Hedonisme Makes ‘Dessert Omakase’ and Seattle’s Most Coveted Chocolate Bonbons

Jessica Wang is the type of person who decides at 25 to chase her dream of becoming a chef and enrolls at the Ferrandi culinary school in Paris — despite not speaking a word of French. She’s the type of person who still wears her impeccably white Ferrandi chef’s jacket when she hand-tempers the chocolate shells for her famous bonbons at an unassuming commissary kitchen in Georgetown. She’s the type of person who, when she slices into one of her bone marrow and caramel bonbons, first heats her knife with a blowtorch to get the cleanest possible cut. That’s when you get to see what all her work is for: Inside the impressively thin, impressively shiny shell is a marbled black and brown interior that’s almost otherworldly — reminiscent of a satellite photo of the planet Jupiter and its roiling, gaseous clouds. And what’s that stripe in the middle? Black cocoa butter, she says.

“I’m really extra,” Wang says. That could describe her, or her bonbons, or her “dessert omakase” pop-ups, or the overall vibe of her one-woman business Hédonisme, which aims to drag Seattle kicking and screaming into the future of dessert.

As an example of what that future looks like, her last pop-up menu included an ode to the classic New York bacon-egg-and-cheese sandwich, only the egg and bacon was guanciale ice cream and custard, while the “cheese” was a powder served on the side. Her bonbons, which have the sheen of Infinity Stones, contain flavors like porcini mushrooms, or foie gras, or black garlic and balsamic vinegar, a choice that you might question until you bite into one and get the slightly sweet acid of the vinegar and the umami undertones of the garlic. The unexpected ingredients are part of the point. “There’s mushrooms in here? Holy shit!” is the reaction that Wang is going for.

A bonbon sliced in half to reveal a marbled brown-and-black interior.

A bone marrow and caramel bonbon.

Wang grew up in Seattle but has a level of open, naked ambition you don’t see much of in these laid-back parts; even the deeply ambitious chefs usually at least pretend to be chill.

Wang has no chill. “She has the energy of a Duracell battery,” says Bill Jeong, the co-owner of Paju, which has hosted her pop-ups. “She will not stop or does not know how to stop.”

Between bonbons and recipe testing and visiting local farms to source ingredients, she can work 20-hour days, she says. Sometimes she’s in the commissary kitchen until three in the morning. At low points, she’ll share some of the stress she’s experiencing on Instagram stories, prompting her customers to write her notes in their orders like, Chef, I hope you’re sleeping, or please eat.
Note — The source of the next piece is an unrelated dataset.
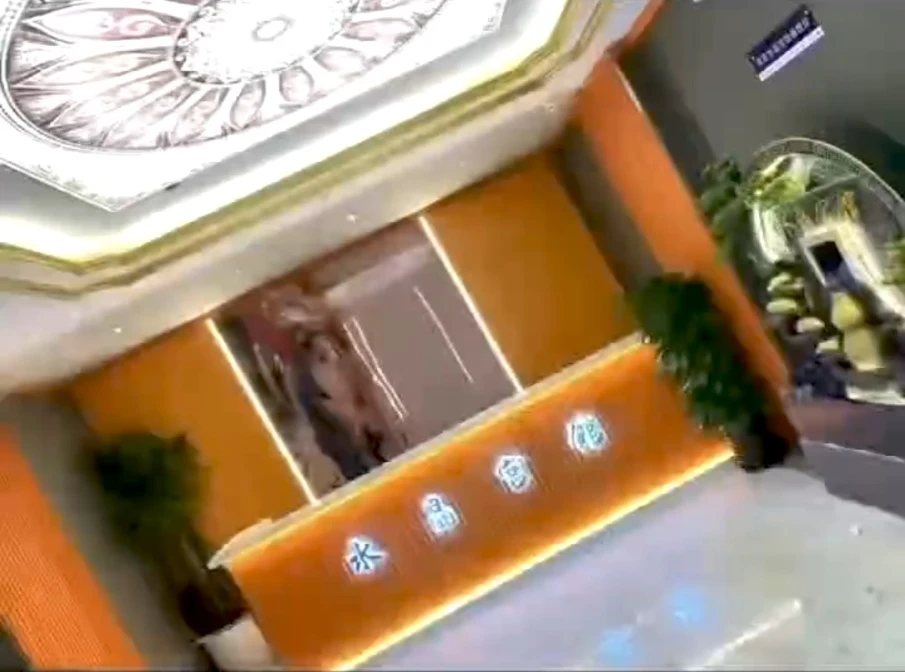 上海水晶宫馆商务KTV走廊灯光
“Jess is super intense,” Kelly Van Arsdale of local chocolate maker Spinnaker tells Eater Seattle. “But I also think that’s what’s great about her. She’s unapologetically herself all the time and to do everything she’s doing would likely make anyone go a little nutters.”

A chef uses a scraper to scrape excess chocolate off of a sheet of dome-shaped molds.

Wang making her bonbon shells.

A chef drips excess chocolate from a sheet of dome-shaped molds into a tray of liquid chocolate.

Wang making her bonbon shells.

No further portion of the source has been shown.